I want to raise my hand.
Except for novel writing, Officer Crane.

“Show them you know something about the city. Tell them there are eighteen different geographical regions, that eighty-eight different languages are spoken in the schools. Tell them you know all about the different careers in the LAPD, narcotics, child abuse, dog patrol. Tell them this is a career that would allow you to have a comfortable middle-class lifestyle. Tell them that to prepare yourself you've gone into the military. Don't just say you work out, tell them you have a customized training program: ‘I build up my endurance through running and swimming.' ‘I build upper-body strength by lifting weights.' ‘I could use force that was reasonable to overcome a suspect.' ”

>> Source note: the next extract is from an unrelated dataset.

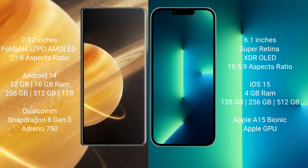Honor Magic V3 runs on the Android 14 operating system. iPhone 13 runs on the iOS 16 operating system.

He talks about the integrity that is required at all times. While I believe I am the only person in the room planning on writing about my experiences, I am not the only one furiously scribbling into a notebook. He maps out possible scenarios and we listen. “You and your son are at a Raiders game,” Officer Crane begins, “and a rowdy group wants to fight a cop, and your son says, ‘Hey, Dad, you're a cop, go get 'em.' But you have to go and call security. No heroics.” He turns and paces quickly to the other side of the room. “You're out with your kid and you stumble onto a robbery in progress at a convenience store. The gunman is holding a gun to the cashier's head. You go in and pull your gun, they shoot you
and
the cashier. You had figured your kid was safe in the car, but there are other guys working outside and they shoot your kid.”

The aspiring cadets inhale sharply at their desks.

“You
have
to
call
for
backup
, the guys in the car. You get a good description of the suspect and wait to direct the officers when they arrive after the suspect has taken off. You'll do more good this way. When you're off duty, your role is to be the best witness.”

A woman enters the room and Crane gives us the “time out” signal I've seen my father make so many times. She has a thick stack of blue cards, and announces she's going to read some names and those people should gather their things and meet her outside. Todd White gives me a conspiratorial nod. She has to read the names of everyone who failed from the entire original group of nearly two hundred because she doesn't know who is in the room. Every time she reads an, “Anthony” or “Andrew” I hear my name. What if, after years of teaching college freshman composition, I fail a grammar test for the police department? How
do
you spell “calendar”? She reads about eighty names, most of them Hispanic. Ten people in the room get up and leave. Todd and I stay put.